There is a little table on here:

http://www.mersenne.org/various/math.php
I'll reproduce it here slightly edited:

Code:

Exponents Bit
up to depth
--------- -----
3960000 60
5160000 61
6515000 62
8250000 63
13380000 64
23390000 65
29690000 66
37800000 67
47450000 68
58520000 69
75670000 70
96830000 71

This relationship between log(exponent) and bit depth is roughly linear, with a bit of a kink around 64 and 65 bits.

If you plot the log of the exponent against the bit depth (log to base 2 of the trial factor to depth), you get a nice straight line from a bit depth of 65 onwards.

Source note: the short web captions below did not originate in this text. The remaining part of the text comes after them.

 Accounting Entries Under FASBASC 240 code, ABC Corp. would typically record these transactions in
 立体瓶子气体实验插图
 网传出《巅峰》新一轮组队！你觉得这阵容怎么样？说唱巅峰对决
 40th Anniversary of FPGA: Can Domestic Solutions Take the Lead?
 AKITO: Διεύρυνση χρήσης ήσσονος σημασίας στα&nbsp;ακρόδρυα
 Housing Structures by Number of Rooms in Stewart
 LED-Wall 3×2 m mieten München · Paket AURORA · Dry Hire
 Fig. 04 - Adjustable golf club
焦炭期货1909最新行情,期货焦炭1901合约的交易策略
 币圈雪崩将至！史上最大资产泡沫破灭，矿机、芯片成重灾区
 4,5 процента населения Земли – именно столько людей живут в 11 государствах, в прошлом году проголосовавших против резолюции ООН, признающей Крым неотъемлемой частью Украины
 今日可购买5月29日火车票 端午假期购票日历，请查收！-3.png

I added a trend line to that and the equation was this:

ln(E) = 0.2346*D + 1.7171

Where E is the exponent and D is the bit depth.

So using this, it's tentatively possible to extend the table, but whether or not this linear relationship should continue I don't know. Assuming it does, here's what the numbers would be:

Code:

Exponents Bit
up to depth
--------- -----
23390000 65
29690000 66
37800000 67
47450000 68
58520000 69
75670000 70
96830000 71
120640000 72
152530000 73
192860000 74
243860000 75
308340000 76
389860000 77
492940000 78
623280000 79
788070000 80
996440000 81
1259900000 82
1593020000 83
2014220000 84
2546790000 85
3220170000 86
4071590000 87

So it seems as though Operation Billion Digits should be taking numbers to 87 bits, and currently there are 10 (soon to be 13) exponents that are at 81 bits.

Also, the first lot of 100 million digit candidates should be trial factored to 77 bits.

Once again, I do not know if this linear relationship between exponent and trial factor depth should continue. So take it with a pinch of salt until someone who actually knows something about it makes a comment.